The February 23, 2024 Bunch

By Andy Delaney

Three opinions this week. First, we deal with whether Rule 59 can save a possible pleading deficiency. Here, SCOV says “yes.” This case is about an airport, so naturally, we’re going to link to a punk-rock cover of John Denver’s classic Leaving on a Jet Plane. Plaintiff-developer’s EB5 breach-of-contract case was dismissed by the trial court. After the trial court dismissed the case, the trial court closed the file. Plaintiff moved for reconsideration and permission to file an amended complaint. The trial court denied the motion and considered the matter closed. Plaintiff appeals, SCOV reverses, and we’re back to the beginning. We’ll see what happens next. Stowe Aviation, LLC v. Agency of Commerce & Community Development, 2024 VT 11.     

Next is an undue-influence case. The majority concludes that beneficiary’s $40K-to-buy-the-house bequeath from testator was a result of undue influence and that the trial court was correct to void that provision. The evidence at trial showed that beneficiary was buying things with testator’s money and withdrawing, literally, buckets of cash from the ATM in the time leading up to testator’s death. SCOV reasons there was a reasonable inference that if testator knew what beneficiary was doing, beneficiary would have been cut out of the will immediately. So, this one gets affirmed.

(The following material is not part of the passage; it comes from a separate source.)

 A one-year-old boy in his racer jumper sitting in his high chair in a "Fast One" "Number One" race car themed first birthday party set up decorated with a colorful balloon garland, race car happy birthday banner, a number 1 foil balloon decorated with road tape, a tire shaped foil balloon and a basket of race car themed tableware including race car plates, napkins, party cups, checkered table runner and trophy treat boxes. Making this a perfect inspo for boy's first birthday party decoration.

Justice Carroll dissents and points out that no matter what one might think of beneficiary’s behavior, on the law, it’s not a clear establishment of grounds to void the will. Logically, the point is well-taken, but in application, it’s unlikely to carry the day. In re Crofut, 2024 VT 8.

Rounding out this week is a criminal matter. When SCOV underlines “in addition” on the first page of the opinion when describing one’s claims, one is not going to have a good time. Defendant appeals the denial of his motion for acquittal, certain conditions of probation, and the jury charge. SCOV affirms. At trial, defendant was convicted on two-out-of-three counts stemming from an incident where he choked complainant and, when she got away and was trying to call 911, threw a knife down the hallway at her sticking the handle into the wall. He’d been drinking. Before the case went to the jurors, defendant tried to get a self-defense charge and argued the evidence didn’t support his conviction but to no avail. On appeal, he argues that the no-booze-to-the-point-of-interference-with-work-and-family and his no-deadly-weapons probation conditions are also in error. None of it goes very far. Defendant tries to slice the bologna pretty thin when he argues that he couldn’t have threatened his girlfriend with a deadly weapon because he threw it at her back down the hallway. This goes, as you might have guessed, absolutely nowhere. Next, because the self-defense thing doesn’t get raised, it doesn’t get addressed. And finally, SCOV reasons, the probation conditions are reasonably related to the offense. State v. Phillips, 2024 VT 10.